## Data section

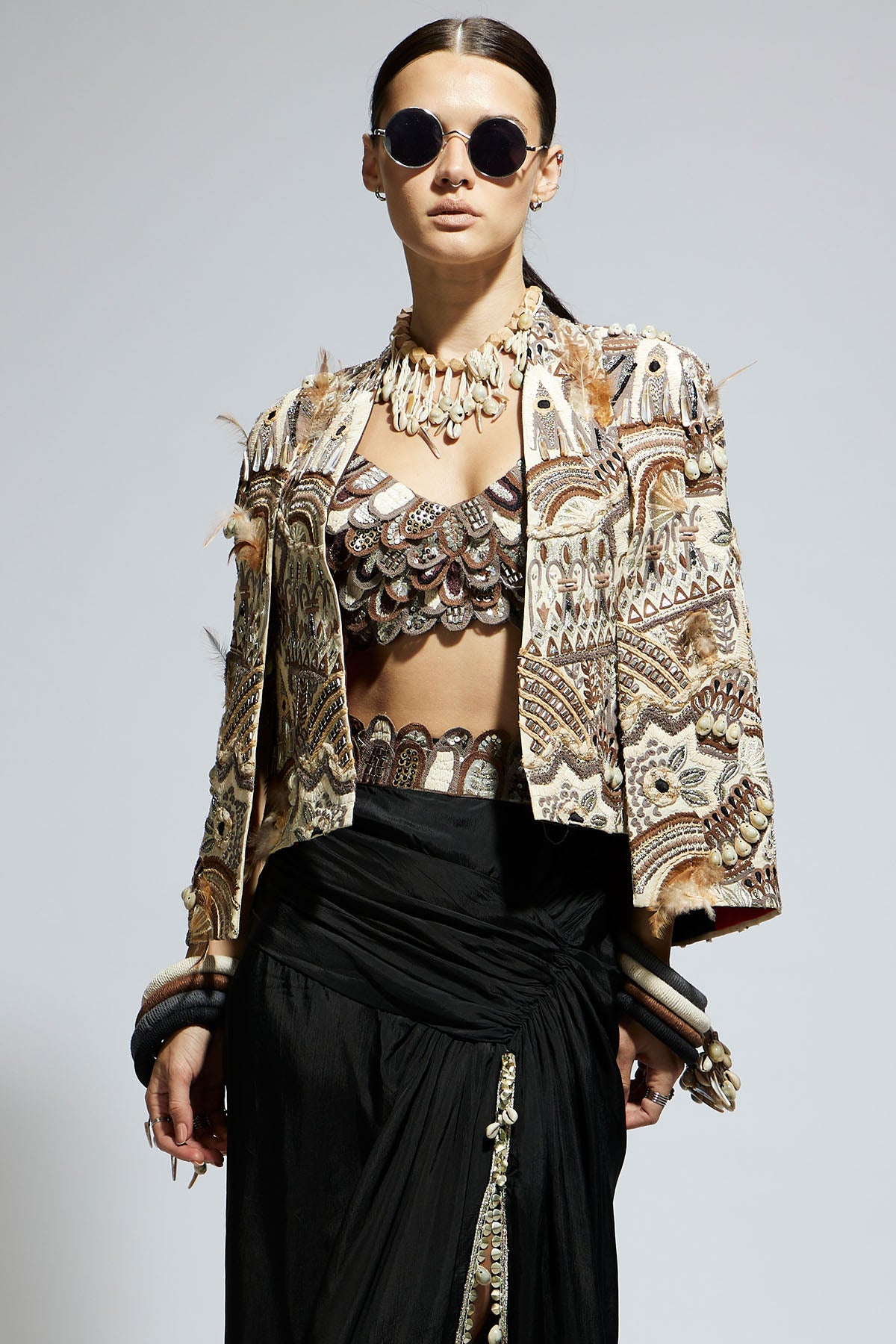 Ivory Abstract Feather Cape Jacket Paired with 3 D Scallop Bustier and Black High Slit Skirt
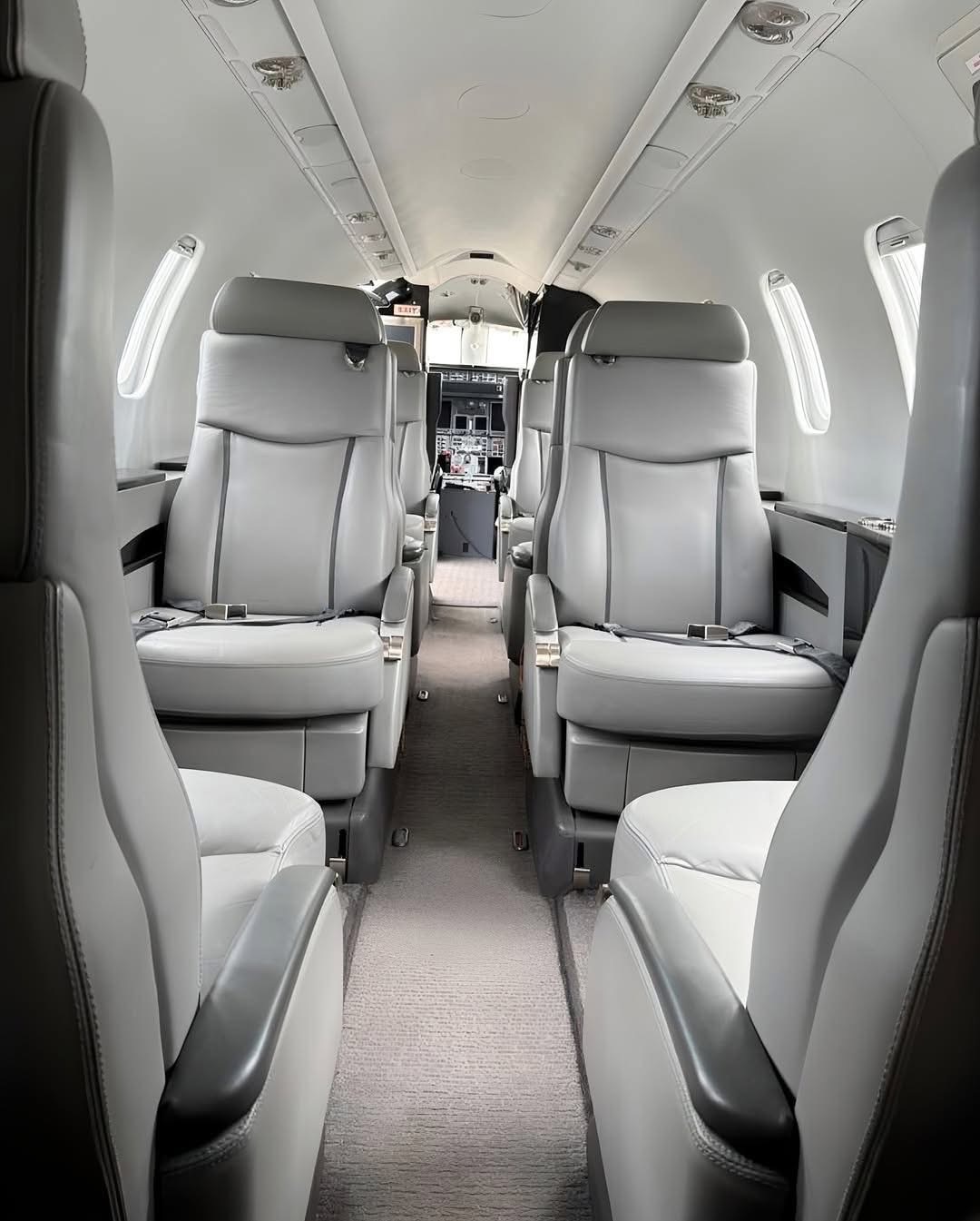 Light-jet club seating toward the flight deck
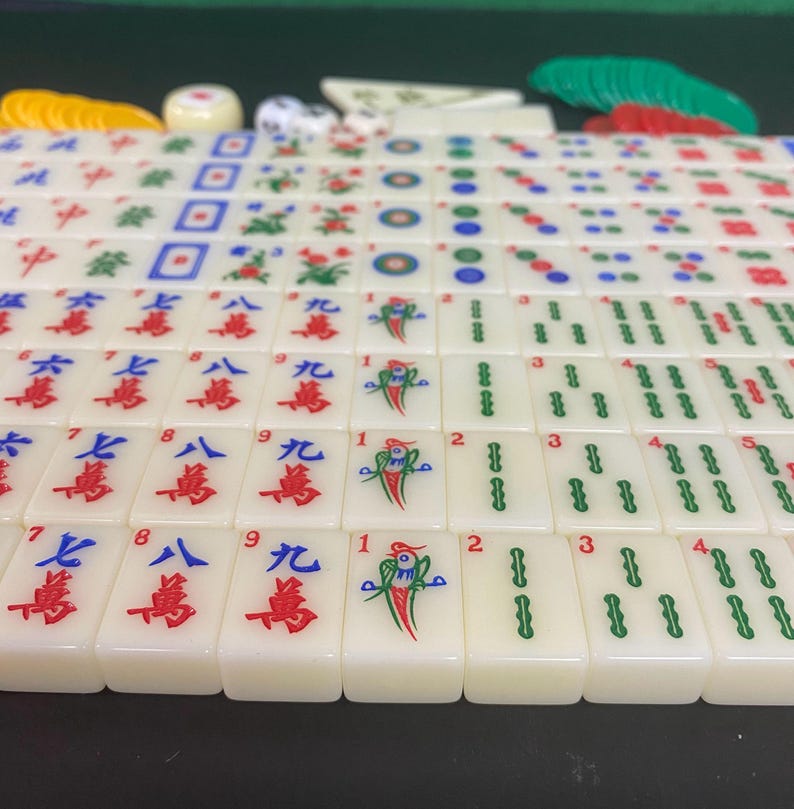 May include: A full Mahjong set with cream-coloured tiles, displaying red, green, and blue symbols and numbers. Includes dice, counters, and racks. The tiles are arranged on a green surface, ready for play.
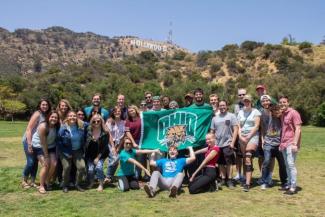 Ohio University students pose with an OHIO flag in front of the Hollywood sign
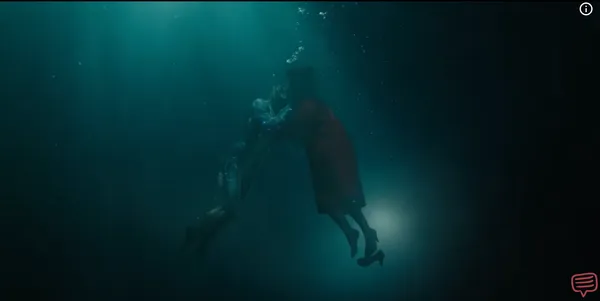 Two figures embrace underwater in an ethereal setting.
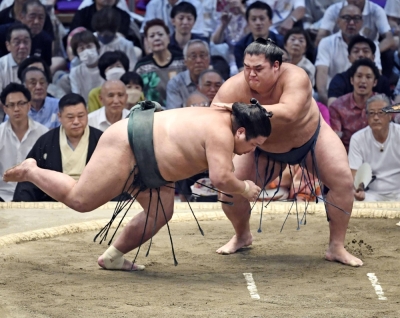 Shonannoumi (right) defeats Nishikigi on Day 12 of the Nagoya Grand Sumo Tournament on Thursday.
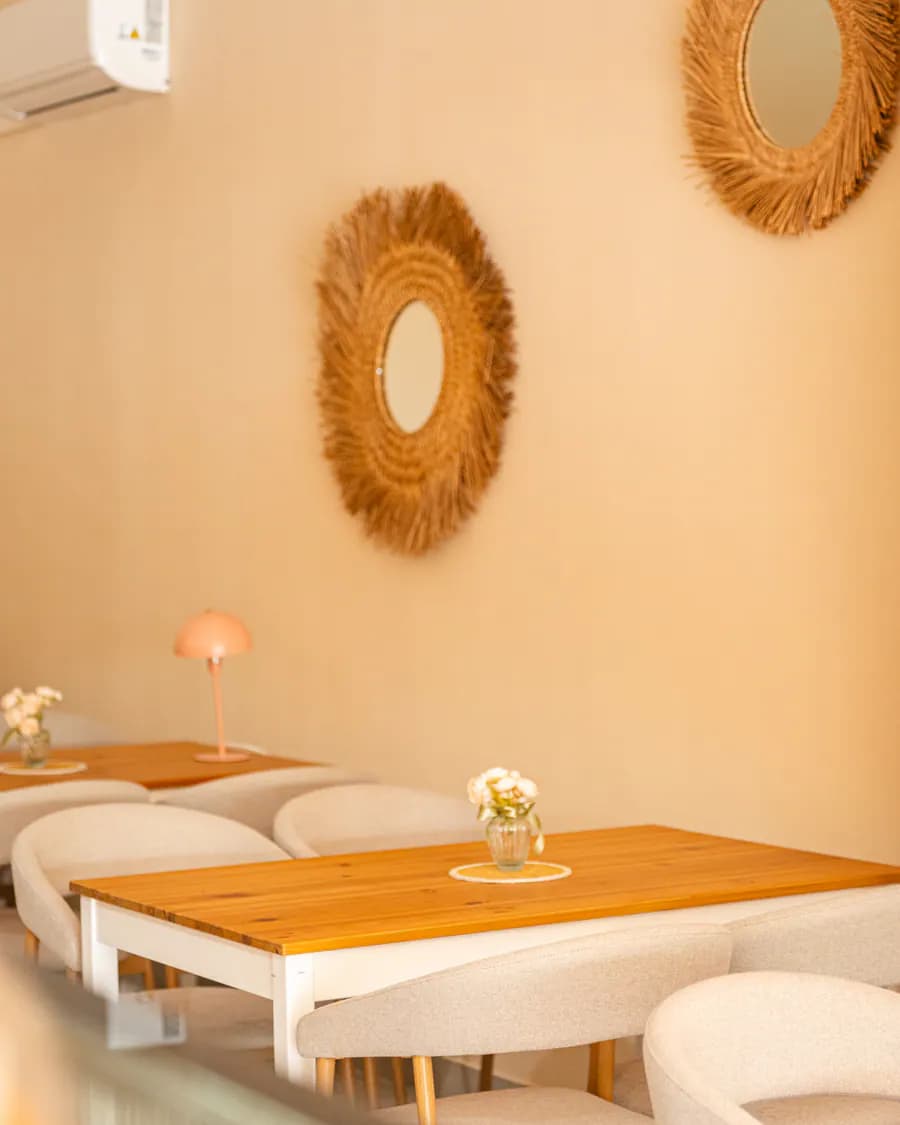 Dito Innenraum — Holztisch, beige Stühle, Rattan-Sonnen-Spiegel, Pfirsich-Lampe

## What you are asked to do
Restate each entry word for word, please, but drop any images it holds.

## Solution to the problem
 Ivory Abstract Feather Cape Jacket Paired with 3 D Scallop Bustier and Black High Slit Skirt
 Light-jet club seating toward the flight deck
 May include: A full Mahjong set with cream-coloured tiles, displaying red, green, and blue symbols and numbers. Includes dice, counters, and racks. The tiles are arranged on a green surface, ready for play.
 Ohio University students pose with an OHIO flag in front of the Hollywood sign
 Two figures embrace underwater in an ethereal setting.
 Shonannoumi (right) defeats Nishikigi on Day 12 of the Nagoya Grand Sumo Tournament on Thursday.
 Dito Innenraum — Holztisch, beige Stühle, Rattan-Sonnen-Spiegel, Pfirsich-Lampe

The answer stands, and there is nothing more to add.